Com franqueza: alguém no seu perfeito juízo põe em causa a legitimidade de uma geringonça de direita nos Açores? A Constituição é clara, os governos não são eleitos, e o que aconteceu ao nível nacional à esquerda – que o PSD dizia ser ilegítimo – é evidentemente passível de acontecer à direita.
Acontece que a democracia vive para além da legitimidade formal.
Rui Rio anda exaltado a defender a sua aliança regional com um partido racista e xenófobo, totalmente exterior ao pacto civilizacional/constitucional que nos une, um partido que assume o objetivo de destruir esta república, tentando fazer uma simetria entre tamanha abjeção e os acordos entre PS e PCP/BE.
Rio, assim, descansa a sua postura de Pilatos na pobreza da legitimidade formal: “O CHEGA é um partido, eles fizeram com os outros, logo eu também posso.”
Os outros, o PCP e o BE, vistos assim numa simetria absurda, estão totalmente integrados na nossa democracia constitucional, não se lhes conhecendo um único projeto de lei ou passagem de programas de governo não conformes à lei fundamental, sendo risível apontar a qualquer um destes partidos, desde a estabilização da democracia, um único momento de rutura com a república.

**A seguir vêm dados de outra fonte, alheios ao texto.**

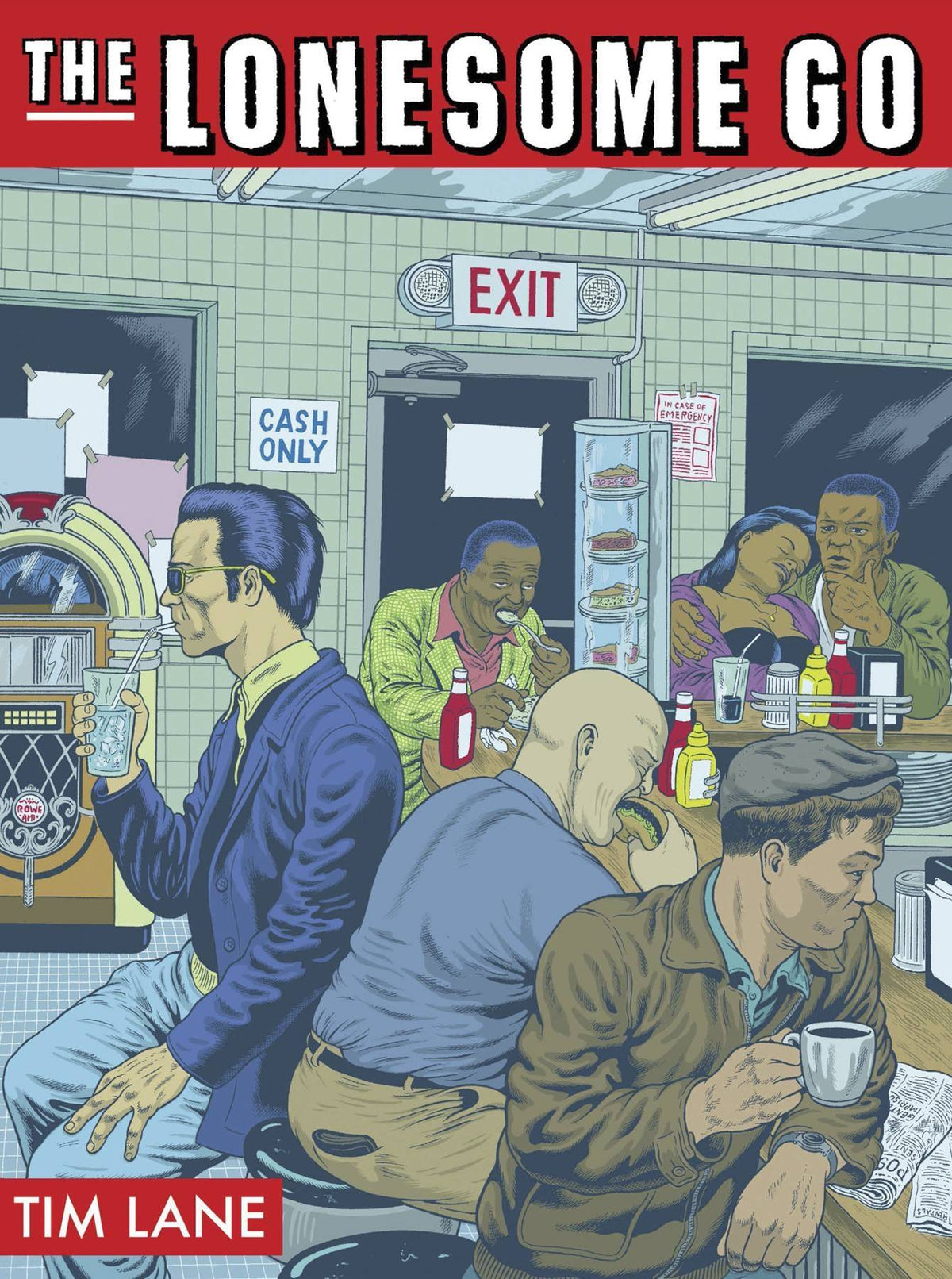 FANTAGRAPHICS BOOKS Graphic Novel Lonesome Go GN 9781606997543 AUG141469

O CHEGA, ao contrário, é a rutura com a república, representa a negação ativa da dignidade da pessoa humana, princípio primeiro da Constituição, renega direitos, liberdades e garantias de direitos humanos aprovados com os votos favoráveis, precisamente, do PSD e do PCP.
A pobreza da legitimidade formal tem um lado muito pouco corajoso, esse de fingir que é tudo a mesma coisa, como se Rui Rio não soubesse da História, como se o PSD não soubesse da gente fascista do século XX, cheia de legitimidade formal, como se o líder do PSD não soubesse de onde vem, atualmente, o perigo para as democracias liberais.
Pior: o PSD sabe que o problema maior não é o CHEGA, mas o que está para além desse ensaio crescente de extrema-direita racista e xenófoba, essa multidão invisível, por enquanto, que pulula por outros cantos, ainda sem forma, à espera de uma oportunidade.
Essa que Rui Rio está a ajudar a construir agora.
Essa, a de dar cabo da democracia à conta de um argumento formal.
Pelo caminho, perde-se também o PSD.